EDIT2: And a bunch of them appear to be unprotected...

I did some analysis a few months ago and collected the names of approximately 100,000 buckets in the wild. Rough numbers, about 5% are open to the public for anonymous read, and about 5% of those are open for anonymous write.

I'm convinced that Chris Vickery, the guy behind a good many of the open bucket finds this year, has access to enterprise firewall/proxy logs. Not because the buckets would have been hard to find, but because you could spend a lifetime looking through thousands upon thousands of open buckets before you find anything interesting.

This is concerning b/c there have been a number of high profile data breaches that have occurred due to over reliance on S3 bucket obscurity.
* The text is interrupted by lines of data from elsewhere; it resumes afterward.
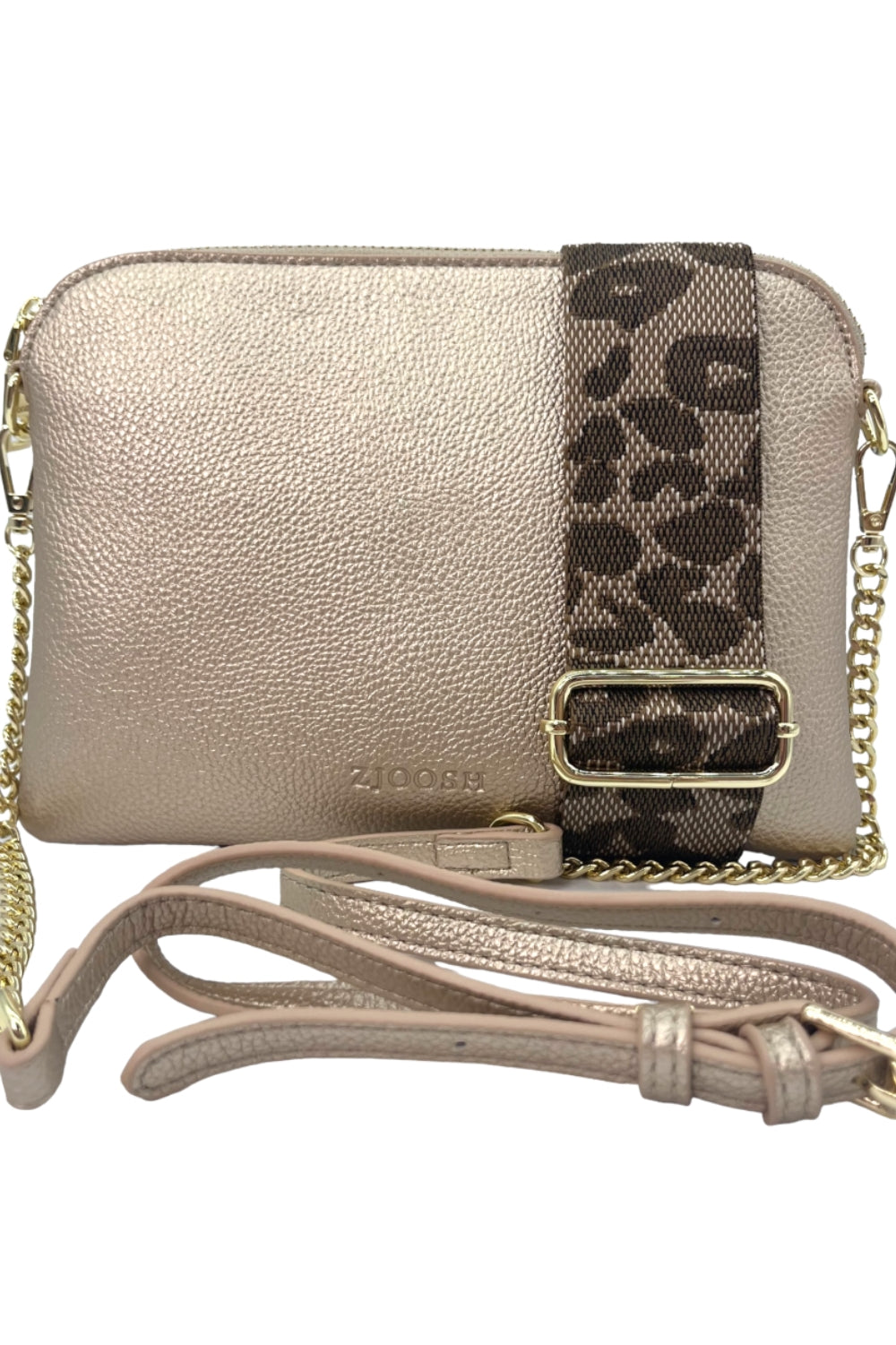 Zjoosh Hugo Cross Body Bag | Gold_Silvermaple Boutique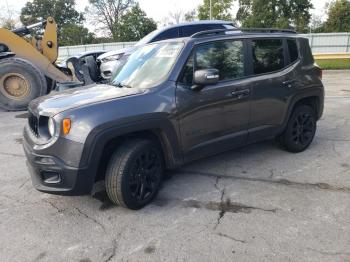  Salvage Jeep Renegade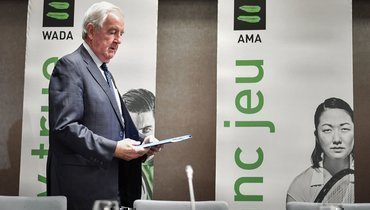 9 декабря. Лозанна. Президент ВАДА Крейг Риди.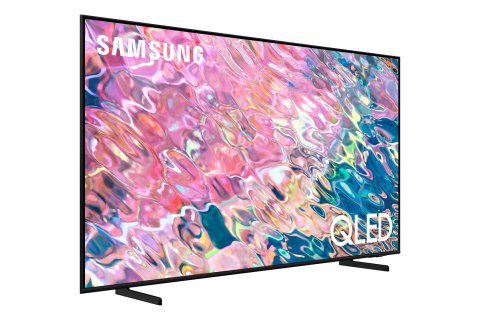 Telewizor 43" QLED Samsung QE43Q60B (4K HDR 3100 PQI DVB-T2 HEVC Smart) (WYPRZEDAŻ)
Where the buckets have been left with minimal or misconfigured permissions and GBs of data there for the downloading.

  • How is this concerning? This is very good, because it makes it easy to do that, which means that's much harder to dismiss as "something that will never happen".

    • Concerning in the sense of "if you aren't sure why this is a story on HN" -> that you may be unaware that many large and generally technically competent firms are screwing this up and this repo/tool is yet one more reason to take this seriously.

  • At some point an organization living in the cloud needs to properly secure their cloud resources. This makes it easier to justify that effort up front.

  • Correct me if I’m wrong but last time I tried to make a new bucket’s contents public it was a real PITA. The default configuration is very locked down. So I think it’s never a case of minimal configuration and always misconfiguration.

I was curious so I've tried if I could find anything compromising with it and it's mostly just public buckets of some images used for websites so nothing strange. Maybe the README is a bit too dramatic.

I'm confused. Aren't S3 buckets secured by pre-existing wildcard certs?

  • Ignore any direct connection between S3 buckets themselves and particular certificates, and just think of the stream of domain names you get from CT as the seed for a dictionary to grind against S3.

  • The code takes the CT hostname and tries to access a bunch of different buckets that might exist related to that hostname. So if you get a cert for foo.example.com it will ask s3 if foo.example.com.s3.amazonaws.com and www-foo.example.com.s3.amazonaws.com exist.